Usa, la FED pensa all'inflazione

Pubblicato il 27.02.2017

Usa, la FED pensa all'inflazione

L'avanzata dei prezzi e dei salari infastidisce la banca centrale americana tanto che sono aumentate le probabilità di un aumento dei tassi di interesse nella riunione del Fomc, il comitato esecutivo della Federal Reserve, del 15 marzo prossimo. Il tema a livello globale non è invece così evidente e molti pensano ancora che l'inflazione sia moribonda e che la deflazione ormai abbia preso il suo posto per un periodo prolungato. Infatti dal lato dell'offerta di beni e servizi i prezzi al consumo sono scesi dopo gli enormi investimenti processati dal 2000 e per conseguenza di due fattori chiave tra loro combinati tecnologia e produttività. L'inflazione ha subìto un crollo anche dal lato della domanda con la crisi post subprime con un picco della disoccupazione statunitense sopra il 10%, estesa anche in Europa.

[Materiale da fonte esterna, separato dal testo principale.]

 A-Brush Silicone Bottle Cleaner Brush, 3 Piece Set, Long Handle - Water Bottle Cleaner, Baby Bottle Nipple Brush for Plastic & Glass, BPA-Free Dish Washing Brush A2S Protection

Il barile guida i prezzi al rialzo

A farne le spese negli anni scorsi sono state in primis i prezzi delle materie prime, e ancora più importante, la quotazione del petrolio che dodici mesi fa aveva ampiamente rotto al ribasso il supporto di 30$ per barile. Oggi lo scenario è molto diverso. La disoccupazione negli Stati Uniti è tornata sotto il 5% e il barile di petrolio è raddoppiato dai minimi della scorsa primavera. I tassi di inflazione si stanno alzando in tutto il mondo; ecco le ultime rilevazioni: Usa + 2,5% (era all'1% nel gennaio 2016), Area Euro +1,8% (-0,2%), Giappone +0,3% (-0,1%) e Cina +2,5% (+2,3%). La spinta reflattiva delle banche centrali ha sicuramente svolto il suo ruolo tanto che la FED statunitense ha ormai esaurito la fase espansiva ed iniziato quella restrittiva. Come rappresentato, i fattori chiave dell'inflazione Usa stanno accelerando, a partire dai salari; la crescita delle remunerazioni lavorative nella crisi postfinancial era rimasta in sordina, mentre ora la tendenza sta lentamente cambiando: seppur limitato rispetto agli standard storici (+6,29% annuo dal 1960 al 2016), la media oraria degli stipendi è in aumento del 3,57% anno su anno, dato a fine anno 2016, comunque il passo più veloce dalla primavera del 2009.

Cambio di strategia negli Stati Uniti

Gli Strategist di portafoglio sono convinti che, nonostante la prudenza degli economisti sul trend futuro dei prezzi, sia utile osservare questo fenomeno e al possibile impatto negativo riguardo ad alcune asset class. In particolare i gestori obbligazionari statunitensi ritengono opportuno usufruire del calo dei rendimenti per diminuire la duration dei governativi e posizionarsi su titoli a tasso variabile. Per la parte azionaria la preferenza vede un aumento dei titoli finanziari, peraltro già molto rivalutati, a fronte di una diminuzione del peso di Utilities e Consumer Staples. In Europa la situazione sembra prematura; il tasso di inflazione rimane sotto il target della BCE del 2% (solo la Spagna presenta +3%), e la politica del Quantitative Easing continuerà nel suo processo di acquisto di 60 mld di titoli al mese fino a fine anno. Come sempre l'estate sarà il periodo più critico anche perché superate le elezioni in Francia nella tarda primavera ci saranno quelle in Germania ad inizio autunno.